まず第一に、「街並みの美学」を成立させるためには、「内部」と「外部」の空間領域について、はっきりとした領域意識をもつことが必要である。即ち、自分の家の外までを「内部化」して考えられること、あるいは、自分の家の中までを「外部化」して考えられること、二つの領域について空間を同視して考えられること、または、空間を統一して考えられることが肝要である。 p275
このような家の外を内部化、もしくは家の内を外部化するような考え方は、「街並みの美学」を読むだけでも十分に身につくものなのか、それとも例えばイタリアのような、そういった考え方に基づいた街並みの中で生活し実感することでやっと育まれるものなのか気になるところではあるが、それを意識することで街を見る目が少し変わるのは確かである(いい感じに見れているのかは分からないが)。
ただ、外の活気が部屋の中まで伝わってきたとして、果たしてそれが自分の心持ちに何か作用するだろうか。今住んでいる家にいても、子どもたちの遊ぶ声が聞こえてくることがあるが、特に何か気分が明るくなることはない。それよりも窓を開けて網戸の近くに座ったり、顔を近づけて寝転がったときのほうが、外にいるときのような気分、家とは違う気分を味わえて、それは単純に外気に触れている、外気を肺に取り込んでいるからだろう。だからイタリア式の広場に面した住居に住んでみても、さほど今と変わらない気がするが、街並み自体が気軽に外出したくなるような、外のベンチで腰掛けていられるような、留まっていられるような造りになっているのであれば、それはそれで外に出やすく、直接的に外の空気を味わいやすいという点でありがたい。
「街並みの美学」は個人的にかなり面白く、しかし出版されたのが1979年ということもあって、もう少し最近の知見も踏まえたうえで書かれている同じような本はないのか、また、建築や街並みに関して書かれた本をあまり読んだことがなく、この本以外の考えも知りたいと思い、色々と探してみた。普通にGoogleで検索してもあまりいいものが見つからなかったので、Twitterで「街並みの美学」と検索してみると、建築学科の学生らしき人たちが互いに本を紹介しているやり取りや、「街並みの美学」と対照的な意見が書かれているらしい本の情報などが見つかった(建築学科の学生からすると「街並みの美学」は、課題図書としてよく取り上げられる本のようだ)。また、「街並みの美学」に記載されている引用文献にもいくつか気になるものがあって、それらを読んでみようと思った。

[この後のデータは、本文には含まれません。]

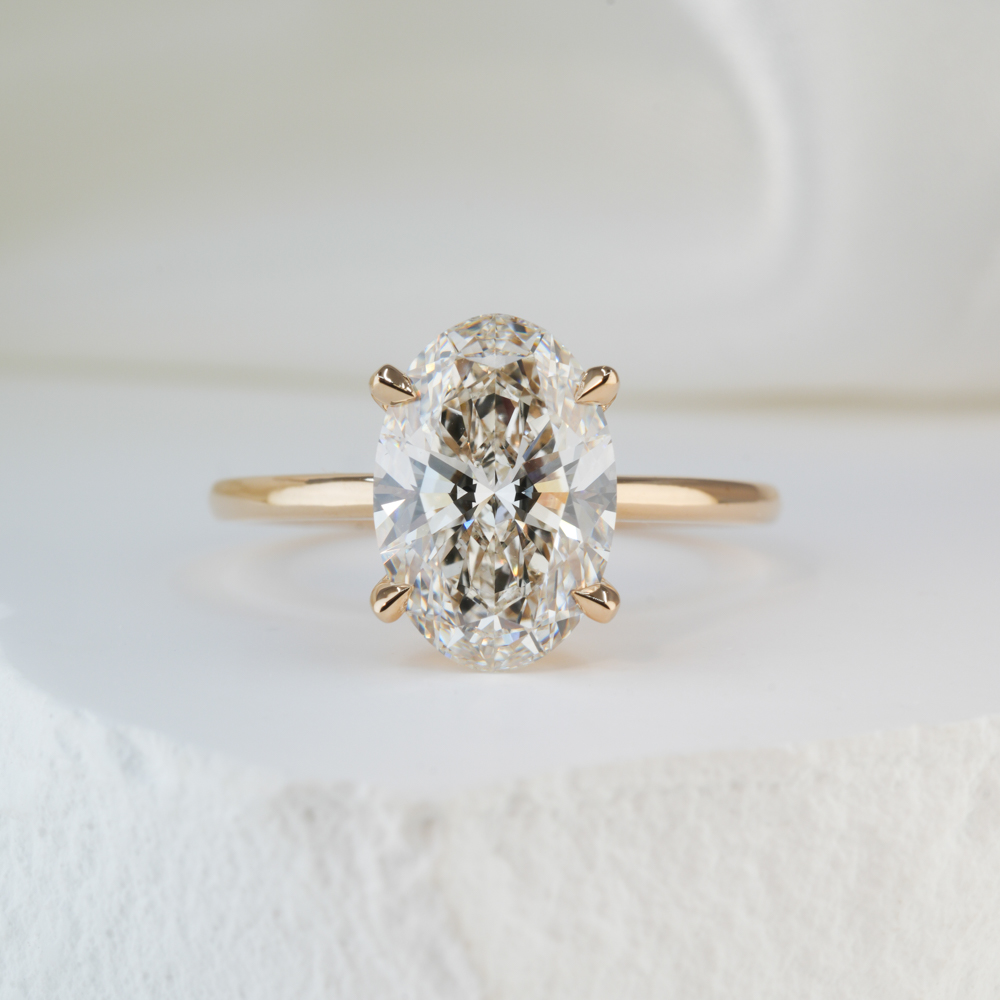 2.51 carat oval cut diamond delicate solitaire engagement ring in yellow gold lifestyle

「街並みの美学」を読んでいると、原風景について書かれた部分があって、それを受けてああだこうだと考える。よく「日本の原風景」という言葉で、海や山や川などのある田舎の風景が掲げられる。それを見るたびにそもそも原風景ってものは個々人にあるもので、「日本の原風景」って言葉は全体を勝手に代表してる感じがしていちゃもんをつけたくなるのだが、人が原風景という言葉を聞いて抱くイメージについて調査した論文などを読んでいると、やはりそういった田舎というか自然の風景を思い浮かべる人が多いようだった。自分が「日本の原風景」としてよく提示されるイメージにいちゃもんをつけたくなるのは、自分の原風景の中にそのような田舎の風景は宿っていなくて、それを根拠として本当にみんなはそんなに田舎での原体験があるのか、どこかで植え付けられたイメージに引っ張られているだけではないのか、と思っているからなのだが、それこそ自分自身の経験から勝手にみんなも自分と同じだと決めつけているだけのようだった。
自分にとっての原風景とは?ってことを考えてみると、小学生ぐらいのころの記憶がよく思い出される。学校の中庭に一本だけそびえて立っていた背の高いメタセコイヤの木や、小さな森というのか山というのか、そこを分け入って野良犬と遭遇したことなどが思い出されるのだが、これが本当に原風景なのか、ただの思い出なのかはよく分からない。ただ、自分の原風景について思いを巡らせているときに、自分自身も「日本の原風景」という言葉にいちゃもんを付けていたわりに、自然の風景をいくつか思い浮かべていて、やっぱり原風景という言葉は自然との結びつきが強いのかもしれない。とはいえ自然にまつわるものばかりではなく、友だちの住んでいた団地でドロケイをしたことや、その団地のすぐ下にあった公園で秘密基地を作ったり、木にハンモックを引っ掛けたりしたこと、グラウンドでプラスチックのバットとゴムボールで野球をしたことなども思い出される。「街並みの美学」では、原っぱを原風景としていた昔の世代と比較して、団地で育っていく世代の原風景はどのようなものになるのかと心配されていたが、そのまま育った団地が原風景の一部となっている。個人的に団地には、塀の隙間や屋根の上などといった、とても大人が入ってこれない子どもたちだけの空間を見つけて、そこで遊んだ身体的な記憶が宿っているから、それが原っぱの代わりになっているのかもしれない。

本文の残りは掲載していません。